Asynchronous I/O

The C++ API uses Boost.Asio for asynchronous operations. There is a spead2::thread_pool class (essentially the same as the Python spead2.ThreadPool class). However, it is not required to use this, and you may for example run everything in one thread to avoid multi-threading issues.

class spead2::thread_pool

Combination of a boost::asio::io_service with a set of threads to handle the callbacks.

The threads are created by the constructor and shut down and joined in the destructor.

Subclassed by spead2::thread_pool_wrapper

Public Functions

thread_pool(int num_threads, const std::vector<int> &affinity)

Construct with explicit core affinity for the threads.

The affinity list can be shorter or longer than num_threads. Threads are allocated in round-robin fashion to cores.
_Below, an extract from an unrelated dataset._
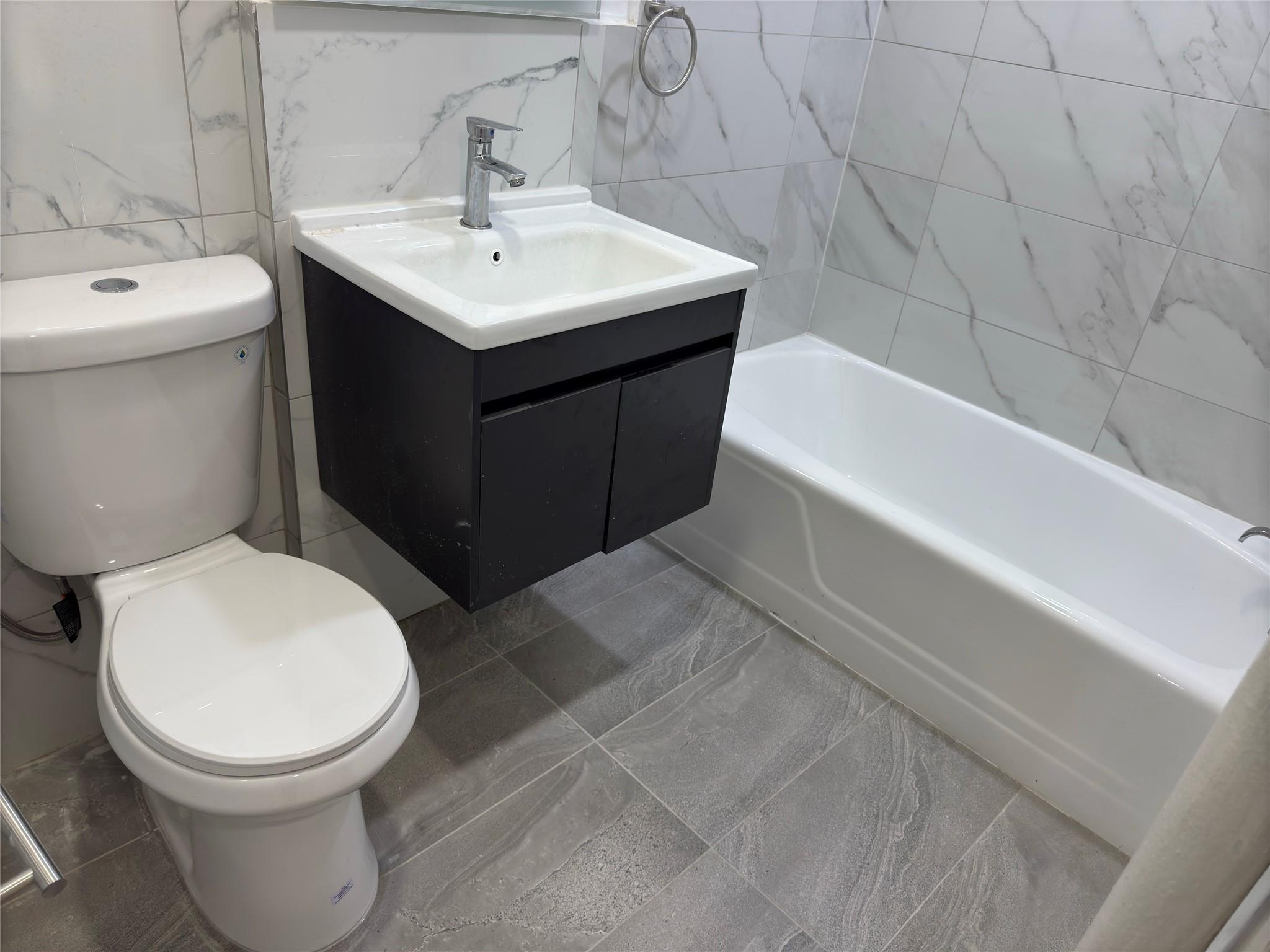 #7 photo, 3401 Avenue I, ブルックリン区 Brooklyn , NY 11210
Failures to set affinity are logged but do not cause an exception.

boost::asio::io_service &get_io_service()

Retrieve the embedded io_service.

void stop()

Shut down the thread pool.

Public Static Functions

void set_affinity(int core)

Set CPU affinity of current thread.

A number of the APIs use callbacks. These follow the usual Boost.Asio guarantee that they will always be called from threads running boost::asio::io_service::run(). If using a thread_pool, this will be one of the threads managed by the pool. Additionally, callbacks for a specific stream are serialised, but there may be concurrent callbacks associated with different streams.